> **WORK INSTRUCTIONS**: From the data below, copy exactly the lines that lie between the one holding "British Parliamentarians express" and the one holding "appartamento in vendita", including both, and nothing more.

> **RECORD EXCERPTS**:
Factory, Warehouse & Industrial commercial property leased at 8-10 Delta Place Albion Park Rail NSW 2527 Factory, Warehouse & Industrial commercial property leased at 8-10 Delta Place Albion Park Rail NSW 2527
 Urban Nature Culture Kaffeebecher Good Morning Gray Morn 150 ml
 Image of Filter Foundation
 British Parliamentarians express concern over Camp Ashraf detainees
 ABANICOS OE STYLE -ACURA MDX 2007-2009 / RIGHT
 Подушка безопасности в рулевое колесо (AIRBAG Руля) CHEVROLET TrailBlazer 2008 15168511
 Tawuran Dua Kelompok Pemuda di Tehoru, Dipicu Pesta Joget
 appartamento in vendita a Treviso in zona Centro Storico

==

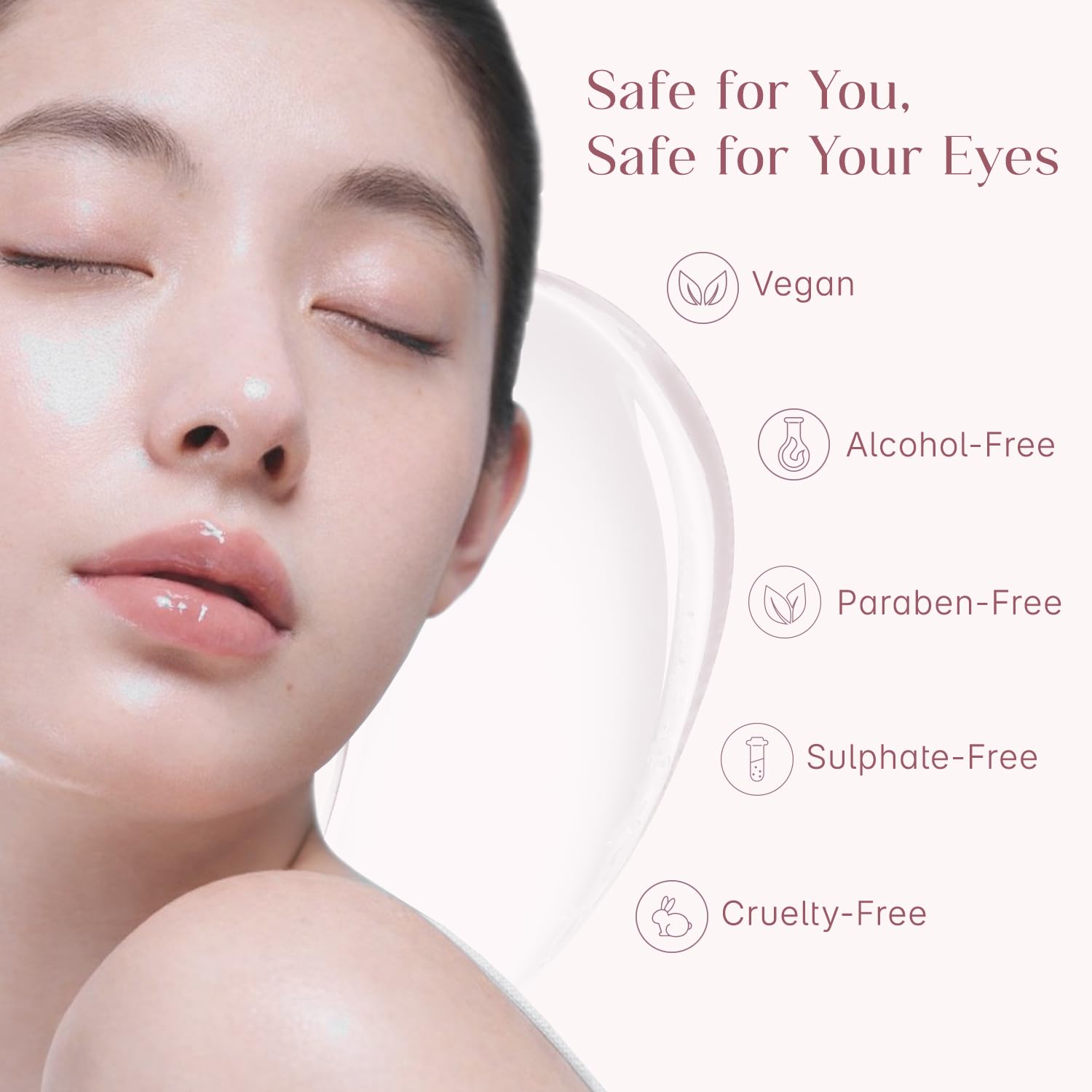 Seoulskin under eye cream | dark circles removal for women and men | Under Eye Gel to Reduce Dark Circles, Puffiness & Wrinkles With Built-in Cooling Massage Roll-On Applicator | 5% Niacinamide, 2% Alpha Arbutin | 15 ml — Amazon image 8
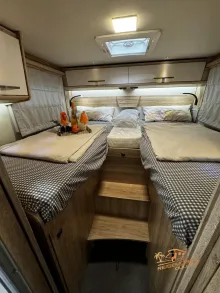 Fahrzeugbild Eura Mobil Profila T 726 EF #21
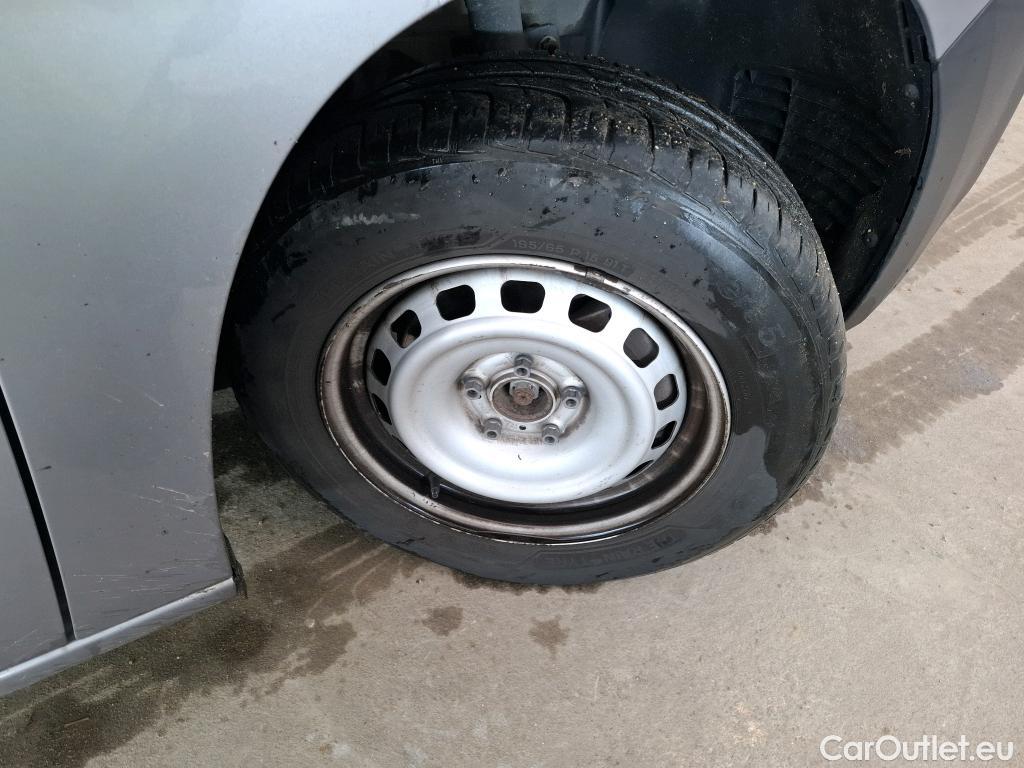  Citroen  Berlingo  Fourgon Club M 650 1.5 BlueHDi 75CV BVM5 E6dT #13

> **EXERCISE ANSWER**:
 British Parliamentarians express concern over Camp Ashraf detainees
 ABANICOS OE STYLE -ACURA MDX 2007-2009 / RIGHT
 Подушка безопасности в рулевое колесо (AIRBAG Руля) CHEVROLET TrailBlazer 2008 15168511
 Tawuran Dua Kelompok Pemuda di Tehoru, Dipicu Pesta Joget
 appartamento in vendita a Treviso in zona Centro Storico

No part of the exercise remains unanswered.